2.1 --> VPP/Vector Packet Process technical principle analysis

  1. Vector data packets (Packet Vector) and scalar packets The
    so-called "vector" is relative to the processing of "scalar" packets. Vector is a natural scientific term that has both size and direction. Quantities, also known as vectors. In computer science, Vector Graph can be wirelessly magnified and never deformed.
    Scalar message processing method : It
    is a common way of thinking and logic for humans, that is, messages are processed according to the order of arrival, the first message is processed, the second is processed, and so on. A more formal way also requires a combination of processing interrupts, and traversing the call stack (eg calls b, calls c, calls d... return return return), and then returning from the interrupt, the function will be frequently nested calls. Finally, the process performs one of the following three operations: a, no processing, b, discarding or rewriting, c, forwarding the message.
    Insert picture description here
    It can be seen that the traditional scalar message processing method has an obvious defect-I-Cache misses (cpu quality cache jitter). Because Cache has the characteristics of time limitation and space limitation, each data message will generate an I-Cache misses. In the face of this problem, there is no solution other than providing a larger Cache space.

Vector data message processing method : The
vector message processing method is to process multiple messages at a time, that is, process a packet vector at a time instead of a single packet. A batch of messages received from the underlying hardware queue Rx Ring (receiving queue) is formed into a message array called Packet Vector vector message, and then the Packet Processing Graph is used to organize the processing flow.
Insert picture description here

The vector packet processing method actively utilizes the time limitation of the Cache, and organizes a group of Packets into a Packet Vector. If the I-Cache hits, then this group of Packets will all hit; otherwise, they will all miss. In the case of a miss, the first packet Packet-1 in the Packet Vector is used to preheat the I-Cache image, and the CPY quality cache acceleration is performed for the subsequent Packets in the Packet Vector. In this way, the processing performance of the remaining Packets in the Packet Vector can directly reach the limit.
Insert picture description hereIn short, the vector message processing method allocates the cache Miss Time of the entire Packet Vector to the cache Miss Time of the first message (packet-1), which significantly reduces the processing overhead of a single message.
It can be seen that vector message processing solves the main performance defects of scalar message processing and has the following advantages:
a. Solving the problem of I-Cache jitter;
b. Preheating the I-Cache to alleviate the problem of read instruction delay. High performance and more stable.

  1. Vector diagram of data messages
    The software architecture of VPP includes a development framework and a series of Graph Nodes organized according to the Packet Processing Graph.
    (2.1) Packet Processing Graph: It is
    composed of multiple Graph Nodes (let's call it graph nodes). The Graph Node decomposes the entire message processing flow into successively connected Service Nodes; the Packet Vector is first Processed by a Graph Node, and then processed by the second, Nth Graph Node in turn, and so on.
    Insert picture description here

(2.2) Development framework:
Contains basic data structures, timers, drivers, schedulers that allocate CPU time slices between Graph Nodes, and performance tuning tools (eg counters, packet capture tools). The VPP development framework adopts the Plugin mechanism, and Plugin Graph Node and VPP Build-in Graph Node are treated the same, which facilitates rapid and flexible development of new functions. Therefore, the plug-in mechanism enables developers to make full use of existing modules and quickly develop new functions. In fact, the essence of a plug-in is a Graph Node that implements a specific function, but it can also be a driver or CLI. Plugin Graph Node can be inserted into any position in the Packet Processing Graph of VPP.
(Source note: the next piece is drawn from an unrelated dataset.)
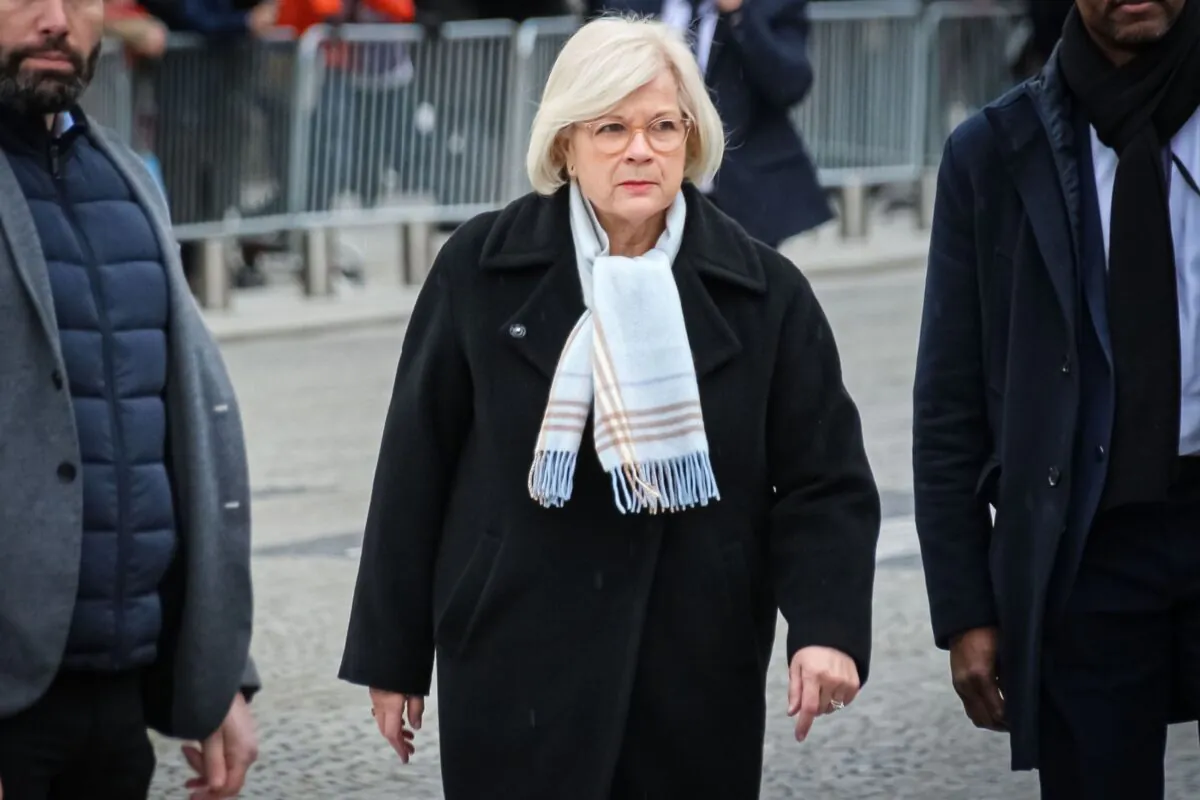 Budget Defense Scenario Noir Armee Sans Credits 2026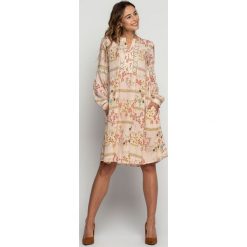 Sukienka boho z koronką RABARBAR. Sukienki damskie RABARBAR, na spotkanie biznesowe, s, w koronkowe wzory, z koronki, boho, bez kołnierzyka, bez rękawów. W wyprzedaży za 279,00 zł.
  1. Packet Processing Graph processing flow
    As shown in the figure below,
    Insert picture description hereVPP first polls the receiving queue of the Ethernet interface from the Input Node to obtain batches of data packets; then these data packets form a Packet Vector or frame according to the function of the next Graph Node (Frame). For example: ethernet-input Node collects all IPv6 data packets and passes them to ip6-input Node.

When the ip6-input Node is scheduled, it takes out the first packet-1, uses Dual-Loop or Quad-Loop and prefetches the message to the cpu cache technology to process the message, you can Effectively reduce the number of I-Cache misses to achieve optimal performance.

After the ip6-input Node node has processed all the messages in the current frame, it will pass the messages to different subsequent nodes. For example: if a message fails to be checked, it will be passed to the error-drop node. The normal message is passed to the ip6-lookup node. packet-1 passes through different Graph Nodes in turn until they are sent out by the interface-output Node.

  1. The Plugin mechanism of
    Packet Processing Graph VPP The Node in the Packet Processing Graph can be replaced. When this feature is combined with the mechanism of VPP that supports dynamic loading of Plugin Node, new functions can be quickly developed and deployed without the need to create and compile a custom Version of the code.
    Insert picture description hereIn short, VPP's Graph Node organization allows users to insert new Graph Nodes or rearrange the processing order of Graph Nodes through Plugin according to their needs, which is very convenient for expansion and will not affect the original core processing flow. .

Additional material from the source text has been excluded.